С этими словами он, усмехаясь, сложил себе на руку все собранные штаны, поднялся на бугор и неторопливо пошёл в сторону своего двора с видом человека, добросовестно исполнившего свой долг.

Тягостная тишина зависла над Заливом.

По мере того, как Санга удалялся, пацаны молча выбредали из воды. Ранжил теперь уже не смеялся, что оказалось совершенно ему не к лицу.

Померкло над Заливом июльское солнце. Братва была повержена в состояние безысходности, чёрного уныния. Неизвестно, что было делать дальше… Одно оставалось непреложным: когда-то надо идти к Санге, давать «нюхать табак», выручать штаны. Такое положение дел никто не хотел признавать первым, из-за чего они даже ненавидели сейчас друг друга.

— Хоть бы у него обвалилась кузница и придавила бы его… — выразил кто-то пожелание, которое упало в благодатную почву. Они наперебой желали Санге всяческих бед и несчастий, обретая друг с другом былую солидарность. Отведя душу, смолкли, так как ничего не менялось. Предстояло идти к ненавистному Сангашке.

Наконец, в смутной надежде, что всё как-нибудь обойдётся, не сговариваясь, впереглядку, они потянулись ко двору Санги, робкой гурьбой протиснулись в калитку.

Санга сидел у себя в пристройке, «мазал горло». Увидев пацанов, он несказанно обрадовался.

— Табак принёс… Заходи. Пошто боишься, однако, я не кусаюсь.

В пристройке было грязно, пахло кислым молоком, аракушкой. В избе гремела посудой Сангашиха.

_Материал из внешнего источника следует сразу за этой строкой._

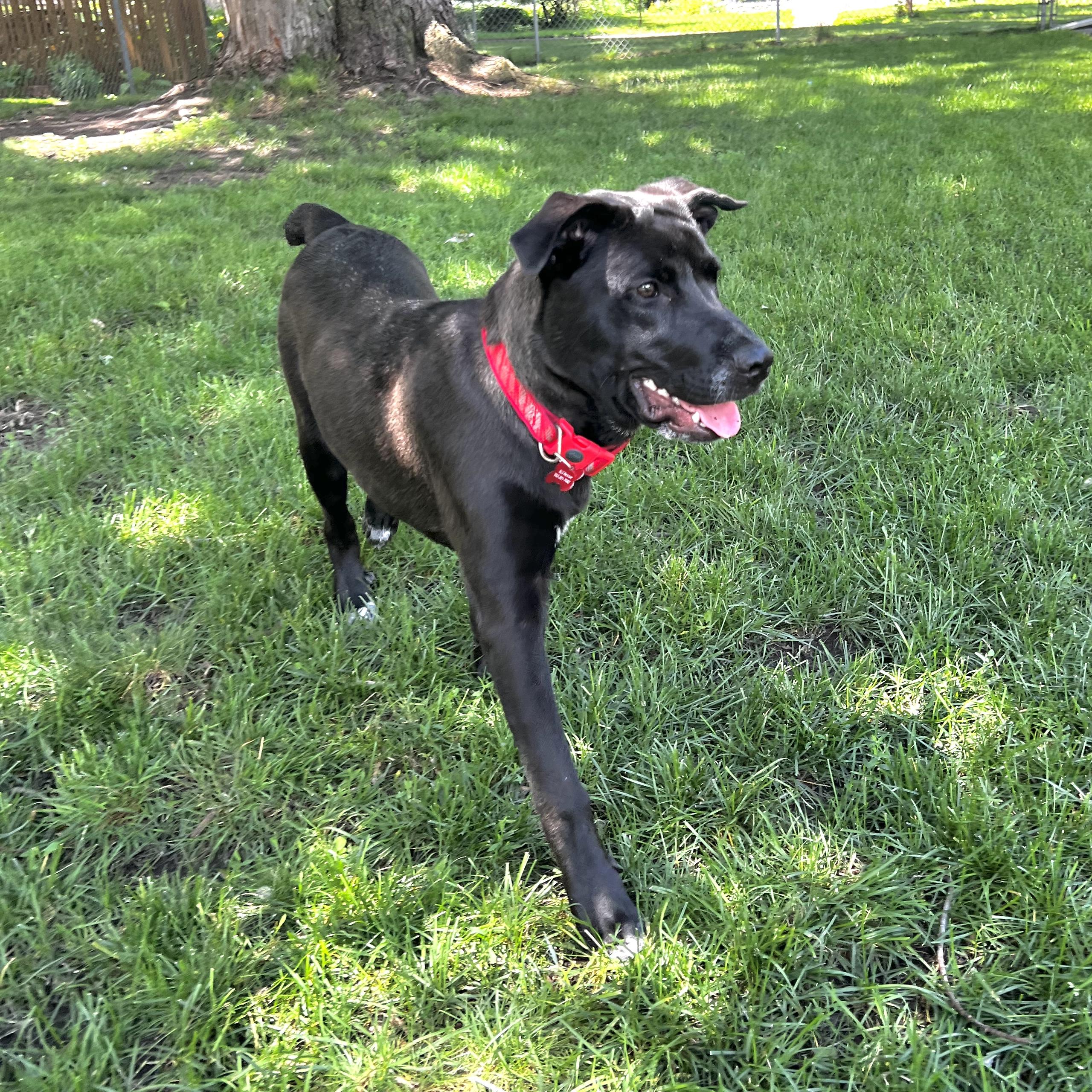 Bojangles, a ADOPTABLE mixed breed in Prior Lake, MN image 6/6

Санга издевательски улыбаясь, оглядывая переминающихся с ноги на ногу посетителей, достал из кучи первые попавшиеся под руку штаны с брезентовыми заплатами на коленях.

— Это чей?

— Цапли.

— Кто такой Сапли?

Цапля выступил шаг вперёд и почесал ногой о ногу. Когда

Санга привстал из-за стола и подался вперёд, он исторг интересный звук «ы-ы-а…» и попятился в угол. У Санги лукаво блеснули глаза. Собрав свои корявые пальца в щепотку, он сделал резкое движение по направлению к цаплиному «табаку». Цапля вскрикнул и, не помня себя, вылетел в дверь.

Санга рассмеялся.

— Однако, трус, — резюмировал он, поднимая с пола другие штаны. — Это чей?

— Мои, — признался Сорока.

— Иди ближе.

Санга повторил движение, что перед этим к Цапле, затем по-бычьи, шумно втянул в себя воздух, притворно чихнул, делая вид, что «табак» очень крепкий.

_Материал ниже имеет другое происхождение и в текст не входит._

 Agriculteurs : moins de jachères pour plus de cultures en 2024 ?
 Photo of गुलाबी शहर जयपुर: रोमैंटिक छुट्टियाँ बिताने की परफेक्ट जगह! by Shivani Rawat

— Молодес… Бери свой штаны. И все бери, — вдруг сломался он. — Саплин бери тоже. Приходи завтра кузница, дарить буду, как его… самокат называется. Другой игрушка имеется.

Заполучив штаны, братцы мгновенно оделись.

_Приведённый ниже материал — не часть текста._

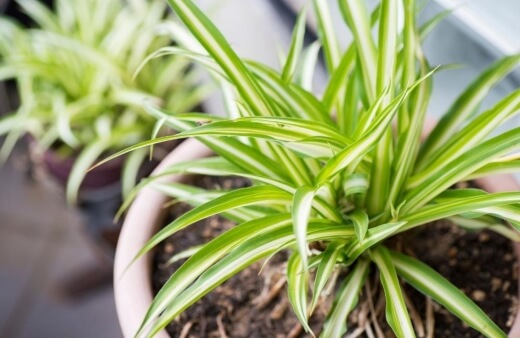 Spider plant is also known as spider ivy and ribbon plant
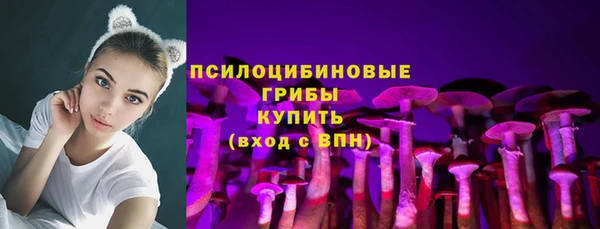 соль курить ск Пенза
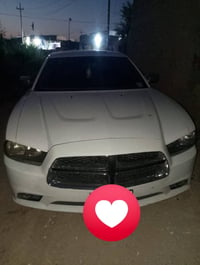 شايجر • ٢٠١٣ • مكفولة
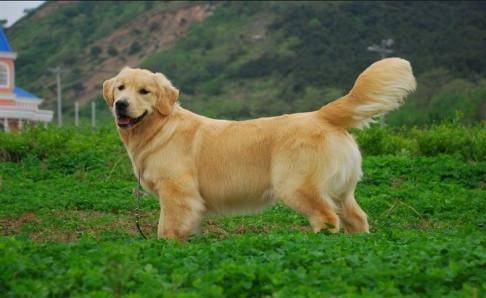 金毛成犬狗粮哪种好？只买对的不买贵的(图2)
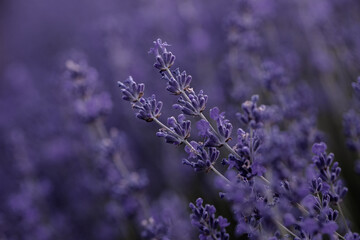 Lavender flowers in Provence, France. Macro purple background with blooming lavender field.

— А ножики вы умеете делать? — не без дальнего умысла, осмелев, поинтересовался Воробей.

— Умею, как же.

— А пистолет?

— Умею.

— И даже танка? — не утерпел жизнерадостный Ранжил, желая до конца выяснить способности Санги.

— И все умею. Приходи кузница.

Из избы вышла Сангашиха, высокая крепкая старуха в чёрном халате с листом сушенной арцы́ в руках.

— Карман есть, нет ли? — Щедро оделив их арцо́й, она сгребла остатки в мешочек. — Это Сапли. Бедный, пугался…

Друзья переглянулись, повеселели. Как-то само собою становилось очевидным, что Санга не такой уж и страшный, и выходило так, что Залив, похоже, теперь был для них свободен беспрепятственно и навсегда. Сангашиха участливо смотрела на них и беззвучно смеялась, обнажая красные дёсны.